J'ai passé des heures à regarder le détail de
chacune des oeuvres présentées magnifiquement dans ce musée de Bâle avant de reprendre la route de Paris. Il y a très peu de récits contemporains de l'artiste qui soient suffisamment
crédibles ; mais malgré cette apparence et ce style que nous renvoient les personnages qui habitent les tableaux et les dessins du maître, il paraît que Hans Holbein le Jeune aurait eu
une vie dissipée.
Holbein reste mystérieux et beau. Commentaires |
J'étais cet après-midi à cette exposition... Je suis encore sous le coup! Quel privilège que de pouvoir regarder à quelques centimètres tous ces petits (par leur dimension) chefs d'oeuvres! Le matin, j'ai visité une autre exposition, a quelques kilomètres de là, consacrée à Matisse (Fondation Beyeler). Ca se passe 500 ans plus tard, ça n'a presque rien à voir! Mais quelle journée!
J'ai fait comme vous : je suis allé à la Fondation Beyeler voir les Matisse. C'était très bien. Le catalogue est également intéressant.

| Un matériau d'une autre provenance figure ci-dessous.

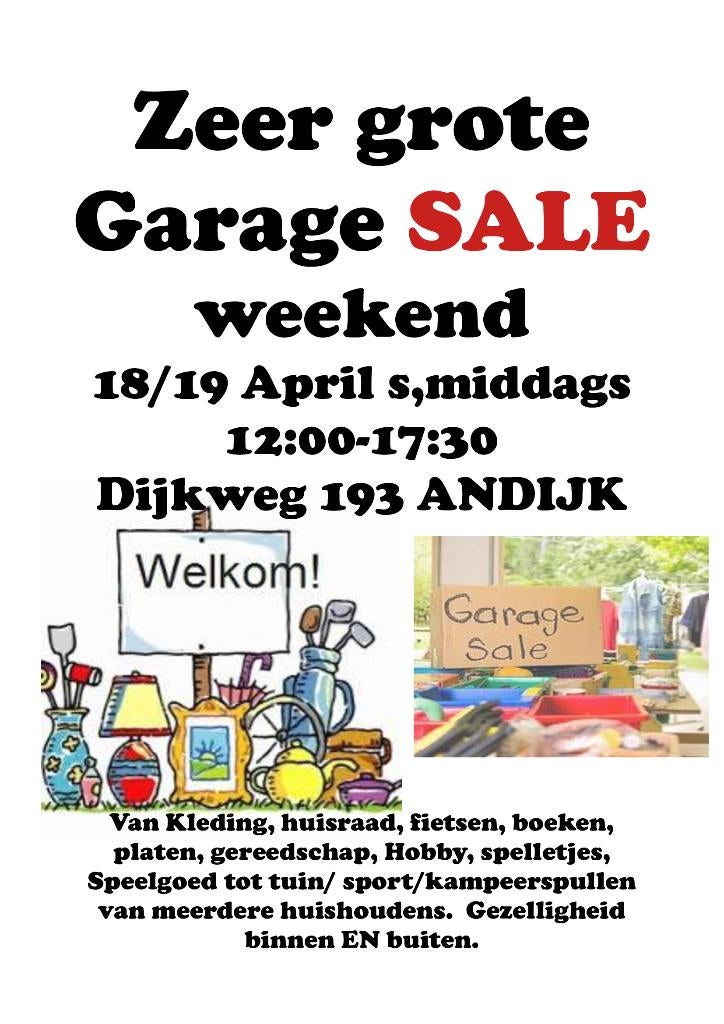 grote garage sale rommelmarkt tweedehands spullen in andijk, Ophalen, Gebruikt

En parlant de catalogue, le seul regret que j'ai eu en me rendant en Suisse c'est que le catalogue de l'expo Holbein n'était disponible qu'en allemand ; il sortait après le 20 avril ...en anglais. Pourquoi pas en français ? (Bâle est à 25 kms de la frontière)
(Bâle n'est pas à 25 km, elle touche la frontière française et allemande)
(Bâle n'est pas à 25 km, elle touche la frontière française et allemande)
Oui, vous avez raison, je pensais à la ville de Mulhouse.